Но ей ужасно хотелось походить. И однажды, в очень ветреный день, она всё-таки прошмыгнула на балкон и запрыгнула на бортик. В этот момент как раз рванул сильный ветер — и сдуло кошку. Сорвалась.
Она даже уцепиться ни за что не успела — да и не за что было цепляться.
Мы побежали на улицу, на помощь. Бежали и думали: разбилась! Разбилась! Кошки, конечно, умеют падать на все четыре лапы, но — пятый этаж! Высоко! И даже кошка, великий прыгун, может получить сотрясение мозга или что-нибудь себе сломать.
А дом так выстроен, что надо его весь вокруг обежать, как на грех. Пока мы обежали — Тимоша из-под балкона пропала. Надо думать, от боли и ужаса сиганула в подвал, как ещё в бродячем детстве привыкла — и спряталась там. Мы носимся вдоль дома, зовём: «Кис-кис! Тимочка!» — но никто не это не отзывается и не выходит.
Ох, как нам было плохо! Но, надо думать, Тимоше — ещё хуже.
Мы домой сбегали и Марка взяли. Марк — суровая дворняга, старый Тимошин товарищ; мы кошку у каждой подвальной дырки зовём, а Марк туда носом тычет, нюхает. Никто не отзывается.

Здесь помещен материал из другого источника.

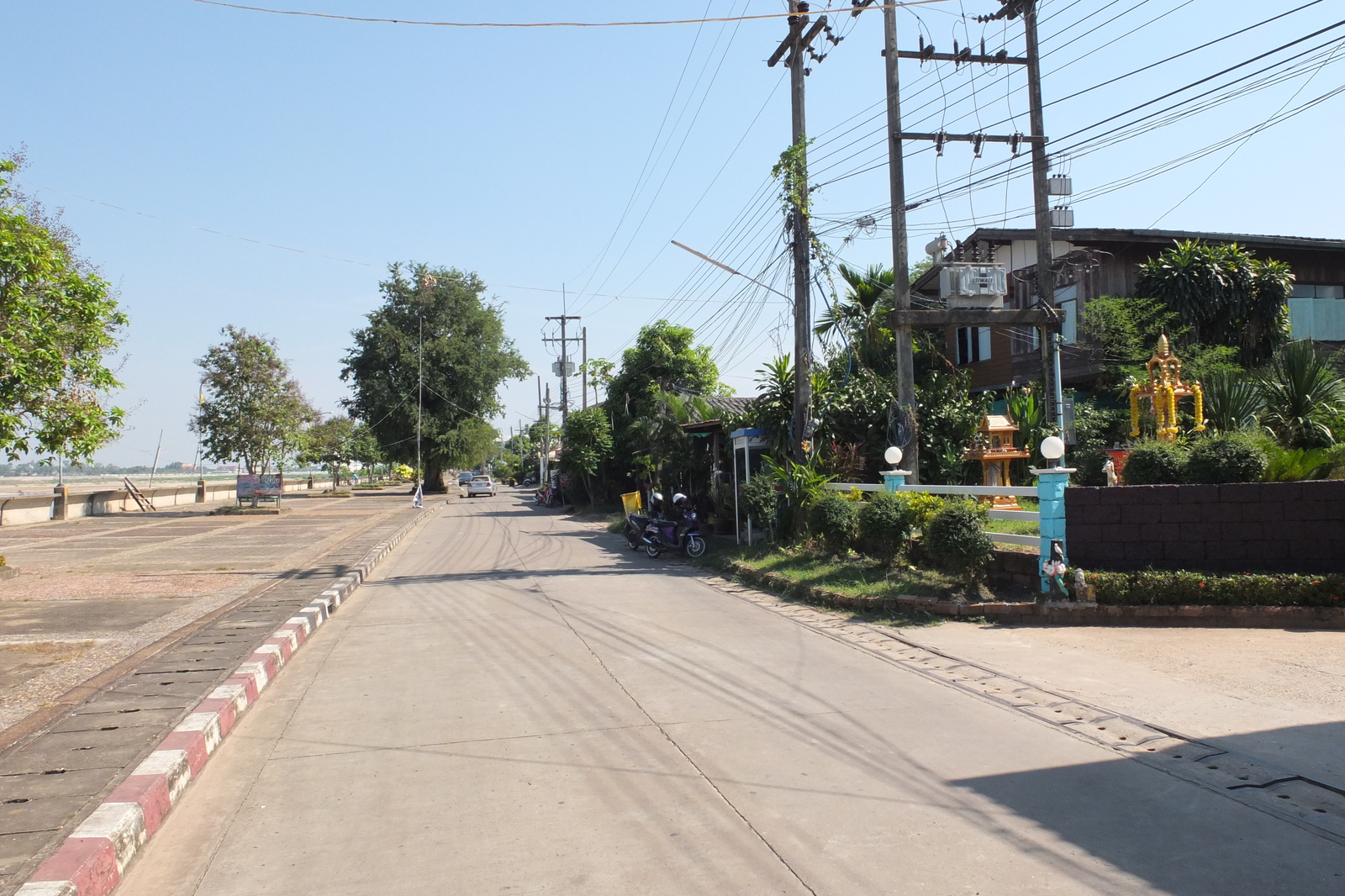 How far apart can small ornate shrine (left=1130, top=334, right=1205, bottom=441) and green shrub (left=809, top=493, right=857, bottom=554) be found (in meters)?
4.80

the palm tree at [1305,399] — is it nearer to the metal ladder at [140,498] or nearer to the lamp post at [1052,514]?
the lamp post at [1052,514]

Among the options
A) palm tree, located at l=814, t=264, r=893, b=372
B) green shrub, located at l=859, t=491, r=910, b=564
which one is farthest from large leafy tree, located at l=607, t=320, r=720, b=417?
green shrub, located at l=859, t=491, r=910, b=564

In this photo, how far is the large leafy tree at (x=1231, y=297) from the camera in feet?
63.7

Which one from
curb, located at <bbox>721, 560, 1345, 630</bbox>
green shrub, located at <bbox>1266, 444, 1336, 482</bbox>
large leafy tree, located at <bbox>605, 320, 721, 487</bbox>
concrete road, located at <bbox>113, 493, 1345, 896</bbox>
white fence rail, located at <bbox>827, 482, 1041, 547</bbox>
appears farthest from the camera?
large leafy tree, located at <bbox>605, 320, 721, 487</bbox>

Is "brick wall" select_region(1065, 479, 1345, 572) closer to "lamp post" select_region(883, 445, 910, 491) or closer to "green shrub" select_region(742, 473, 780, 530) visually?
"lamp post" select_region(883, 445, 910, 491)

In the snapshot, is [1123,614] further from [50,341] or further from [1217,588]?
[50,341]

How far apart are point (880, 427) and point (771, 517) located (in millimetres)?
3284

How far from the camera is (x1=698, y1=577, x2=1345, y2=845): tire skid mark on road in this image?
15.2 feet

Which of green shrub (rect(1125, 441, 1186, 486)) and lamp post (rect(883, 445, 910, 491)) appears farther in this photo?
lamp post (rect(883, 445, 910, 491))

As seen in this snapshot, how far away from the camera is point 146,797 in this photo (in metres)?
4.65

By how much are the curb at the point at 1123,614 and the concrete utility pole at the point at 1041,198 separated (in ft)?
24.5

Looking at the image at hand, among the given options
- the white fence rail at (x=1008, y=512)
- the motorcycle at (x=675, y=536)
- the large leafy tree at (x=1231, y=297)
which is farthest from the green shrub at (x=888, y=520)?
the large leafy tree at (x=1231, y=297)

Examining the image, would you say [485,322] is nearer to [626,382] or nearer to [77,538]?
[626,382]

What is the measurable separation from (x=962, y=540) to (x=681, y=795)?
22.2 ft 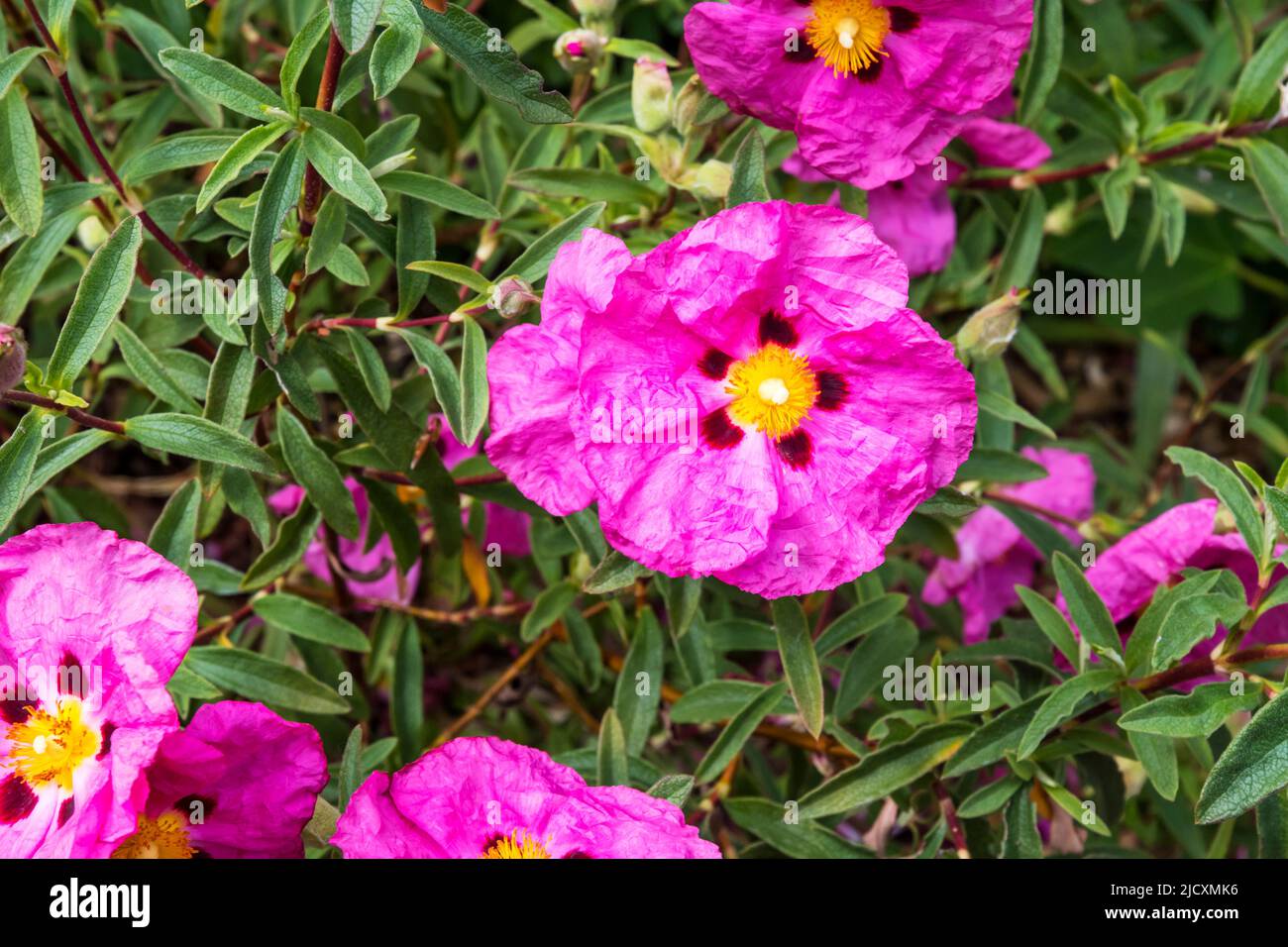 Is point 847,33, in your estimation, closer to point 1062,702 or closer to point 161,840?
point 1062,702

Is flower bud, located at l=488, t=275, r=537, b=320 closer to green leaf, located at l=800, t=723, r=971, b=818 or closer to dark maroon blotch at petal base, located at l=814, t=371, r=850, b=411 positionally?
dark maroon blotch at petal base, located at l=814, t=371, r=850, b=411

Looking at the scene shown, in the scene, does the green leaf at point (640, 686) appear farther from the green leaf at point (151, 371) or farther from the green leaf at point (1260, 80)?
the green leaf at point (1260, 80)

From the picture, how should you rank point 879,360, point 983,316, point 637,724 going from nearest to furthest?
point 879,360, point 983,316, point 637,724

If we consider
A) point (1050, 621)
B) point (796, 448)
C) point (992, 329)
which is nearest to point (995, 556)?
point (1050, 621)

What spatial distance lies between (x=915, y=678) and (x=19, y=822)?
5.01ft

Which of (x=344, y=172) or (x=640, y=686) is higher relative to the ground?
(x=344, y=172)

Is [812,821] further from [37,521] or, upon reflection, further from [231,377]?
[37,521]

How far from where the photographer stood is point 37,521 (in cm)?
318

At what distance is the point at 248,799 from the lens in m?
1.97

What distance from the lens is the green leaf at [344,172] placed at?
1.93 meters

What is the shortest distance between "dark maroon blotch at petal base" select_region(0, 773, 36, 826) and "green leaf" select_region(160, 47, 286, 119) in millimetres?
1003

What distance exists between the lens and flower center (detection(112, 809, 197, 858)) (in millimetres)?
1969

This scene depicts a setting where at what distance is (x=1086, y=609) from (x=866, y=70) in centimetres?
93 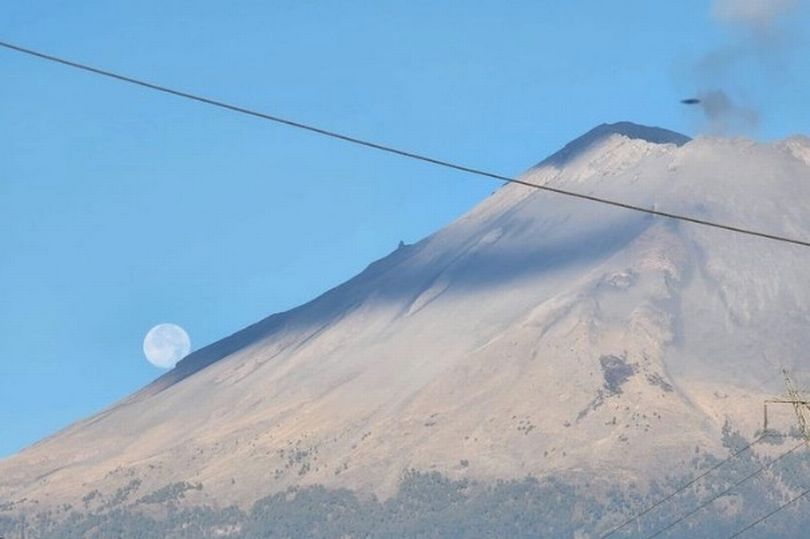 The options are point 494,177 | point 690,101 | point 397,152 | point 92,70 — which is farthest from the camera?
point 690,101

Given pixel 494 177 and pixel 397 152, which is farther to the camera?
pixel 494 177

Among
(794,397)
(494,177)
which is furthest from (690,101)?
(494,177)

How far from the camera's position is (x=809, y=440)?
41.3 m

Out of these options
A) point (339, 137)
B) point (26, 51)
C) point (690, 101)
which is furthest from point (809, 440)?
point (26, 51)

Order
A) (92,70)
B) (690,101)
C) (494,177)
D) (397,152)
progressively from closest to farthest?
(92,70)
(397,152)
(494,177)
(690,101)

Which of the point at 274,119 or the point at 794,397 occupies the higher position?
the point at 274,119

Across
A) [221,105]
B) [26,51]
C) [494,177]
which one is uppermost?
[26,51]

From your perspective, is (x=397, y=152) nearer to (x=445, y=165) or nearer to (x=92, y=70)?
(x=445, y=165)

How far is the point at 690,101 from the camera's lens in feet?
132

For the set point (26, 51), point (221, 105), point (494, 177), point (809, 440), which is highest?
point (26, 51)

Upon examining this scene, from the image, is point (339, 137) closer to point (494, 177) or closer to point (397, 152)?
point (397, 152)

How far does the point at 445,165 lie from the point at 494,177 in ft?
5.78

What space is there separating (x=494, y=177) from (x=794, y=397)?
2171 cm

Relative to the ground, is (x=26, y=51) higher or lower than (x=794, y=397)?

От страха кошка далеко в подвал ушла, забилась в щель какую-нибудь, приходит в себя.
Что делать?
Сами спустились в подвал, с фонариком. Но разве человеку за всеми щелями уследить! Только мыши брызжут из-под ног, как горох — а кошки нет.
Совсем беда.
День ищем и два ищем.
Сбились с ног. Около подвальных окошек оставляли еду — самый любимый кошачий паштет с телячьей печёнкой, да только тот паштет, похоже, ели нахальные вороны и подвальные мыши. Расклеили объявления: «Потерялась самая красивая кошка на свете: вся серая, полосатая, пузо рыжее, подбородок и шея — белые, варежки тоже белые, глаза золотые, уши громадные, нос пипочкой. Позвоните, пожалуйста, по телефону, если увидите» — а внизу фотография. Не помогло. Позвонили: «Сидит ваша кошка около нашей парадной», — мы туда прибежали, а там здоровенный серый кот, что у бабушки с первого этажа живёт. Самодовольный зверь — и не похож.
А наша Тимоша потерялась — и никто её не видал.
Вот тогда, от отчаяния, нам и пришла в голову глупая мысль. Взяли мы пакет с резинками — и насыпали под самым нашим балконом тех самых резинок, с которыми Тимоша так любит играть. Ну — вдруг? Может, она поймёт, что это мы оставили? Может, она поймёт, что это мы её ищем?
Насыпали резинок — и ушли на работу с тяжёлым сердцем. И весь день всё из рук валилось.
Возвращаемся вечером, грустные — и вдруг видим: семенит к резинкам вдоль дома серая тень, ёлочкой-ёлочкой, мелкими шажками. Ну не перепутать походку!
Мы — звать: «Тимочка! Тимошенька!» — а серая тень повернулась — и к нам! Бегом!
На руки — прижалась — обняла за шею. Грязная-грязная, подвалом от неё несёт, пыльная, личико осунулось. Но живая и целая.
Дома отмыли мы её, феном отогрели, съела она целое блюдце паштета зараз — и упала спать. Марк Тимошу нюхал — она только глаза приоткрыла, так устала.
Но задней лапой, коготком, прижала резинку. На всякий случай.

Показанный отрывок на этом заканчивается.